**DIRECTIONS FOR THIS TASK**
The answer should hold only the lines from the one that contains "أمير عسير يتواجد" through the last line of the material, repeated exactly, without pictures.

**RECORDS FOR THIS EXERCISE**
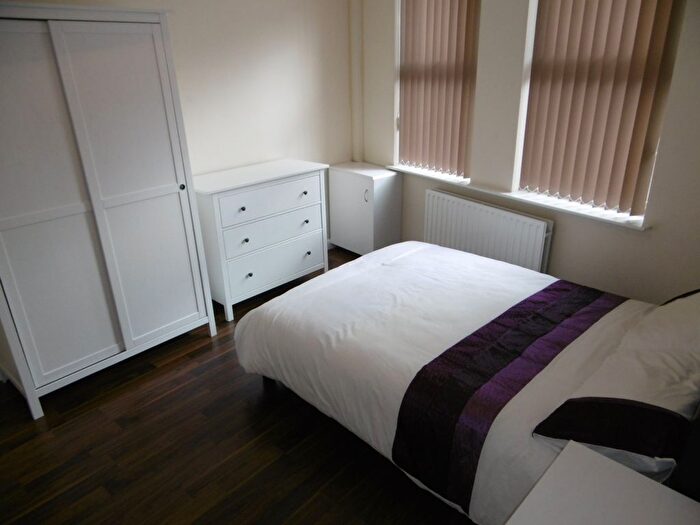 1 Bedroom Terraced House To Rent In Room @ Imperial Road, Beeston, NG9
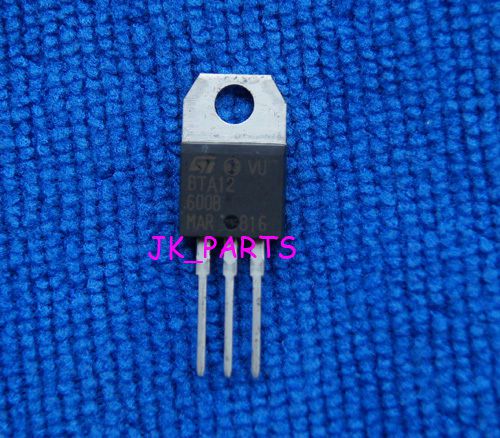 5pcs BTA12 BTA12-600B BTA12-600 12A Triac 600V TO-220 ST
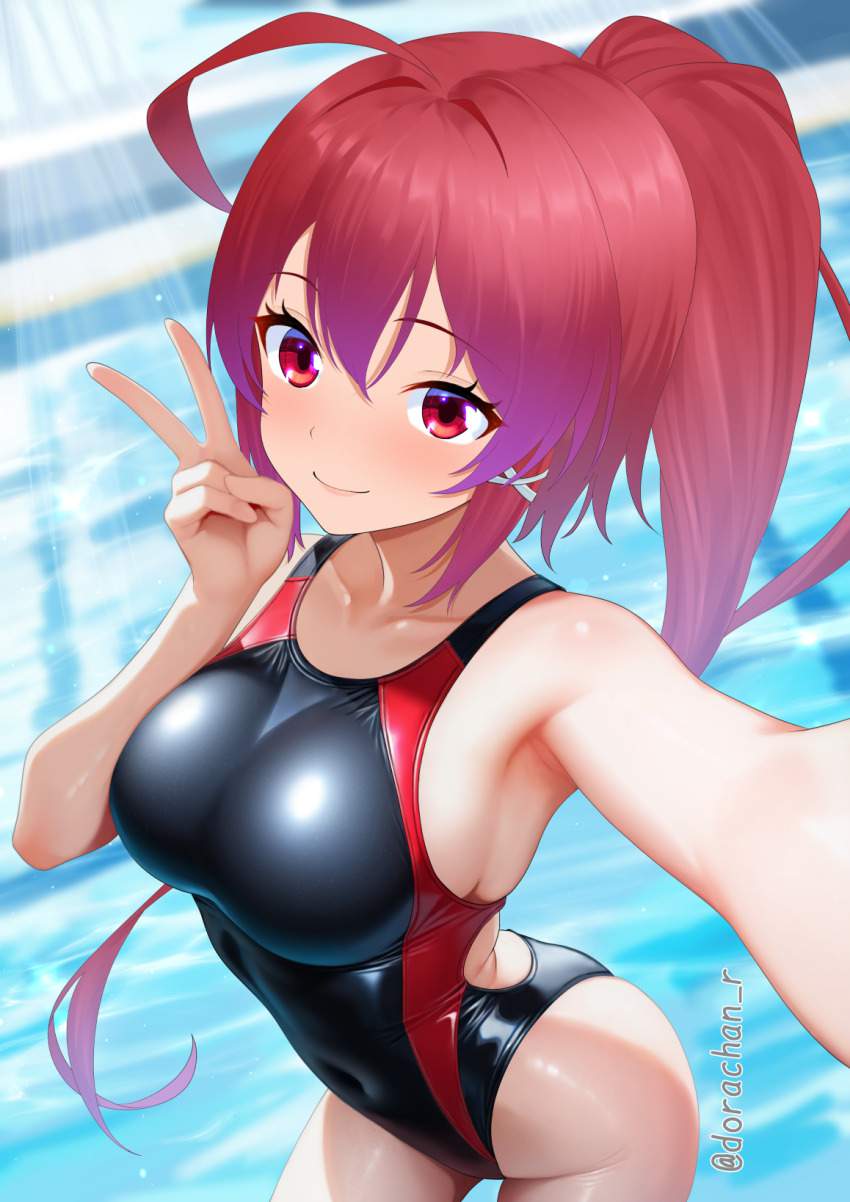 自撮りの二次元エロ画像。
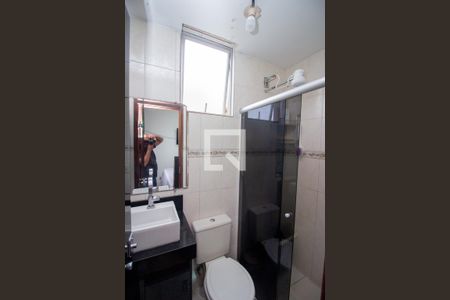 Banheiro da Suíte de apartamento à venda com 3 quartos, 65m² em Fonte Grande, Contagem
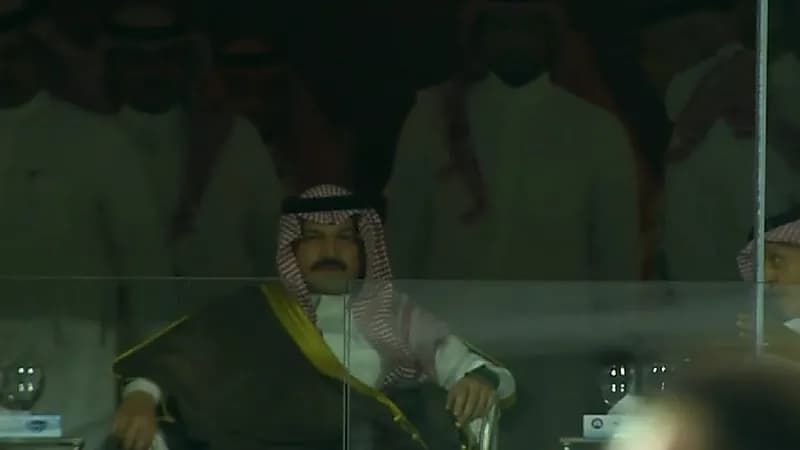 أمير عسير يتواجد في ملعب مباراة الهلال والأهلي طرابلس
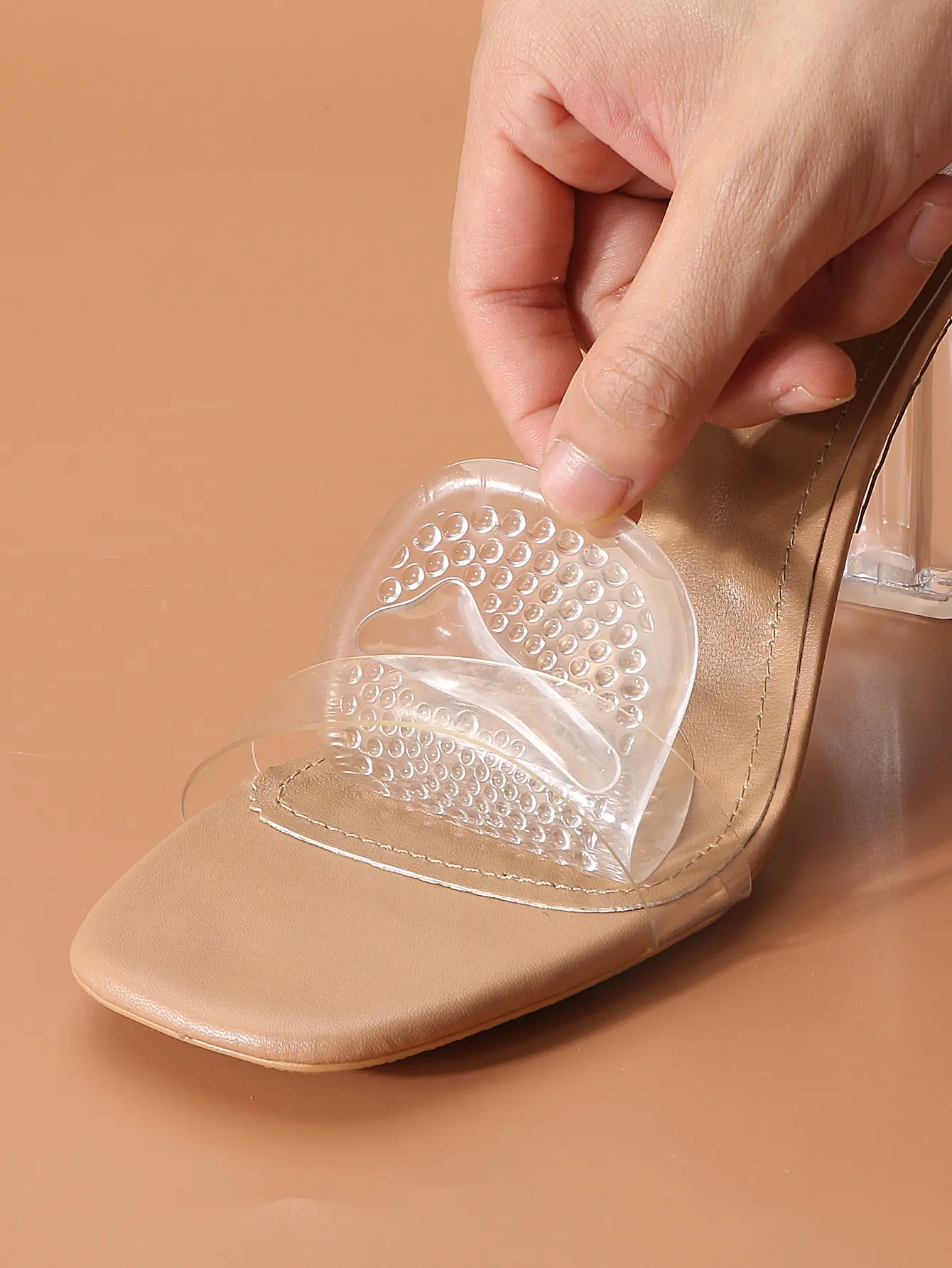 زوج واحد من وسادات القدم الأمامية الكروية غير القابلة للانزلاق للنساء، وسادات مشط القدم ذاتية اللصق للكعب العالي، وسادات ناعمة ونصف الحجم إلى p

**THE COMPLETED TASK**
 أمير عسير يتواجد في ملعب مباراة الهلال والأهلي طرابلس
 زوج واحد من وسادات القدم الأمامية الكروية غير القابلة للانزلاق للنساء، وسادات مشط القدم ذاتية اللصق للكعب العالي، وسادات ناعمة ونصف الحجم إلى p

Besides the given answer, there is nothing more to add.